19 thoughts on “Review: sk.in Gloss Radiant Shot (a high potency yet non-irritating vitamin C serum)

  1. Heya! Have you tried Drunk Elephant’s Vit C serum yet or know anyone who has & has an opinion on it? I can’t say I’ve noticed a difference yet, but my skin is always low-key crappy so it’s pretty hard to tell what’s working and what isn’t 😦

    1. I’ve read up on Drunk Elephant and it looks great on paper. I’d actually love to try it but haven’t yet so I can’t be of too much help. And your skin is NOT low-key crappy. Still, if you’re not seeing enough of a vitamin C ‘glow’ consider using an AHA product, but only if you’re NOT sensitive.

    1. This is less potent than that (Trivita contains 15% L-ascorbic acid) but also a lot less likely to irritate so you can use it more often. If you make the switch, let me know what you think.

    1. Hi hun! A retinoid is a product containing retinol. You won’t find the strong ones at stores Clicks or Dis-Chem, only at aesthetic salons and online stores like dermastore.co.za that specialise in cosmeceuticals. As a newbie you should start with a low percentage retinol product (like 0,5%) and when your skin gets used to it you can bump up to a 1% product. My favourite retinol brand is Dermaceutic. You can learn more about retinol by googling it. It’s one of the best anti-ageing ingredients on the block.
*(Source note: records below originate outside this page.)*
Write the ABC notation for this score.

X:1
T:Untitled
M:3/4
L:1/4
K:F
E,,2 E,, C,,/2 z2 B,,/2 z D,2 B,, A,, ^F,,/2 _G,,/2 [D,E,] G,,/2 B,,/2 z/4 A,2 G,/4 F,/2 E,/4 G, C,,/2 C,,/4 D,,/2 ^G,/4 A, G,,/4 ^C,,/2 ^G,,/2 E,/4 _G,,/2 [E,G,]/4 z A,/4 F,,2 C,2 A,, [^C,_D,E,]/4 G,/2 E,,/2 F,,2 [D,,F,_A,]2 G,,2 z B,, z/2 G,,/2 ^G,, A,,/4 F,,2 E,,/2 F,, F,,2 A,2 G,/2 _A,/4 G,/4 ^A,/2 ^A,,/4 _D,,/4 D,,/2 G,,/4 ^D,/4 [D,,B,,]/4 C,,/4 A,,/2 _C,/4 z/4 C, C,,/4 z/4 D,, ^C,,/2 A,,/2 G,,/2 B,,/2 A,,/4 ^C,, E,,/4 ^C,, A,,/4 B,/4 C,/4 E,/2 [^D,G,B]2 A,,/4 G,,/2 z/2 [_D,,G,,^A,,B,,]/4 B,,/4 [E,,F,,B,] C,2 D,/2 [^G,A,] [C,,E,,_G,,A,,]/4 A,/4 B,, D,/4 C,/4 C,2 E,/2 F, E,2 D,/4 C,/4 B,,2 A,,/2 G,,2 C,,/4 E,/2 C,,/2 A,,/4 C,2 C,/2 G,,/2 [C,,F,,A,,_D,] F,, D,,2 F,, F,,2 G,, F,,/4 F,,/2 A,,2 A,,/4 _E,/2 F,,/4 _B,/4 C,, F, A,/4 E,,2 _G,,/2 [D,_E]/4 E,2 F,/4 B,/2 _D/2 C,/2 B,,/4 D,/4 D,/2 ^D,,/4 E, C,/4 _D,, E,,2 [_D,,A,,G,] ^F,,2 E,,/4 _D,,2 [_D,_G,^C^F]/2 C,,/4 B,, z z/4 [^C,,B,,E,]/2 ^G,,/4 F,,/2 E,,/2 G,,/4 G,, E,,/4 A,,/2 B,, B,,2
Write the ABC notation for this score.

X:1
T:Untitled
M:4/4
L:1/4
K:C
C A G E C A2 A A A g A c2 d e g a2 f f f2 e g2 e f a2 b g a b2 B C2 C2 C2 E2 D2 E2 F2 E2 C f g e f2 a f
      1. Hey Leigh, thanks for your response. I am actually looking for those that you need a prescription for. I have used strong ones for a while now and would like to get the prescription variety. Do you know if I can see a General Doctor or do I need to see a Dermatologist. Have you used prescription ones before?

  2. Hi Leigh
    I’ve been using the ordinary products for over a year now (first foray into retinol), what’s your take in their retinol products?
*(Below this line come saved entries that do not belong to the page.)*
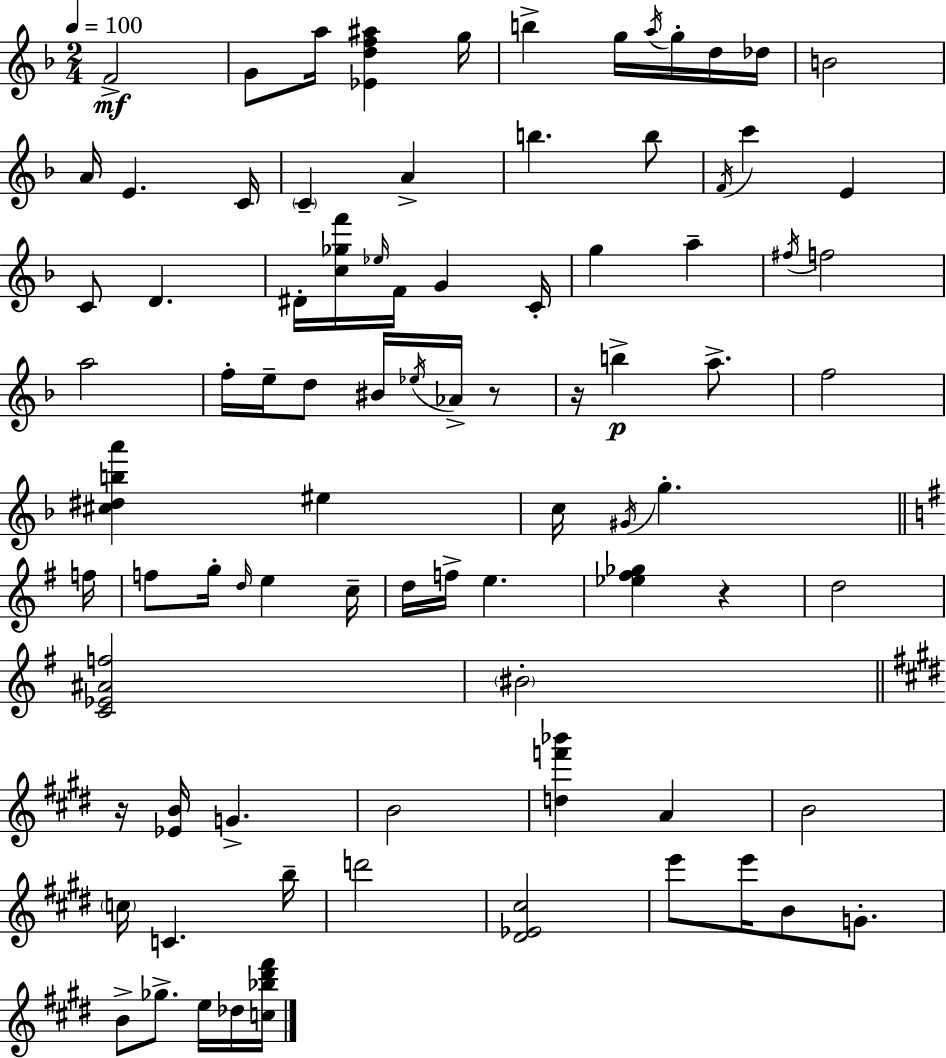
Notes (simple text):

F4/h G4/e A5/s [Eb4,D5,F5,A#5]/q G5/s B5/q G5/s A5/s G5/s D5/s Db5/s B4/h A4/s E4/q. C4/s C4/q A4/q B5/q. B5/e F4/s C6/q E4/q C4/e D4/q. D#4/s [C5,Gb5,F6]/s Eb5/s F4/s G4/q C4/s G5/q A5/q F#5/s F5/h A5/h F5/s E5/s D5/e BIS4/s Eb5/s Ab4/s R/e R/s B5/q A5/e. F5/h [C#5,D#5,B5,A6]/q EIS5/q C5/s G#4/s G5/q. F5/s F5/e G5/s D5/s E5/q C5/s D5/s F5/s E5/q. [Eb5,F#5,Gb5]/q R/q D5/h [C4,Eb4,A#4,F5]/h BIS4/h R/s [Eb4,B4]/s G4/q. B4/h [D5,F6,Bb6]/q A4/q B4/h C5/s C4/q. B5/s D6/h [D#4,Eb4,C#5]/h E6/e E6/s B4/e G4/e. B4/e Gb5/e. E5/s Db5/s [C5,Bb5,D#6,F#6]/s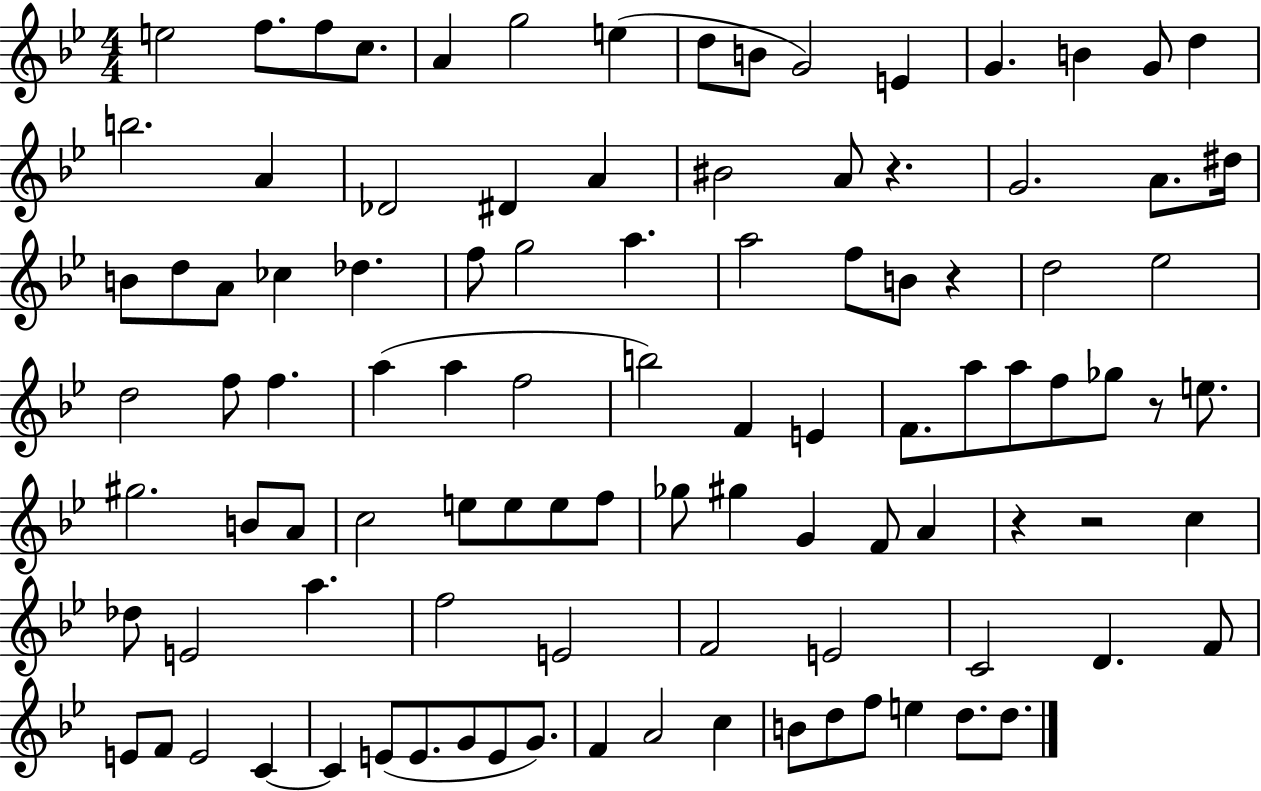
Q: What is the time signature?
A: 4/4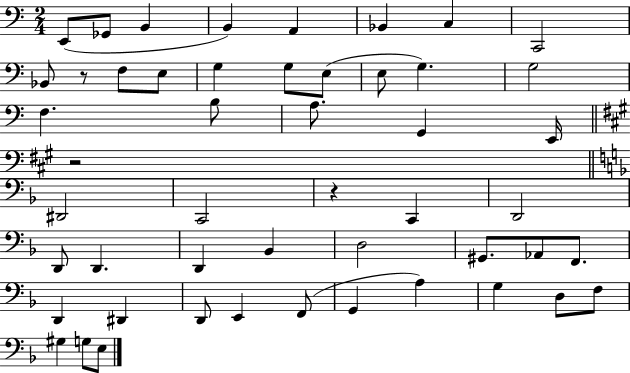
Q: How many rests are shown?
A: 3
    1. Hi hun! Sorry for the slow reply. It got lost in the mix. The only The Ordinary retinol product I’ve ever tried was their 1% retinol in squalane when I was in Asia and couldn’t get hold of another Dermaceutic 1% retinol, which is my fave. For me, The Ordinary’s oily texture isn’t ideal for nightly use (it gets into my hair line!) Also, I don’t like that it’s packaged in a clear pump. I know they blab on about it being stable, but I’m just not convinced. In the end I never finished it and went back to Dermaceutic when I got back to SA. So ja. I’m a bit meh about it, but will probably end up using it up on my chest and see how that goes.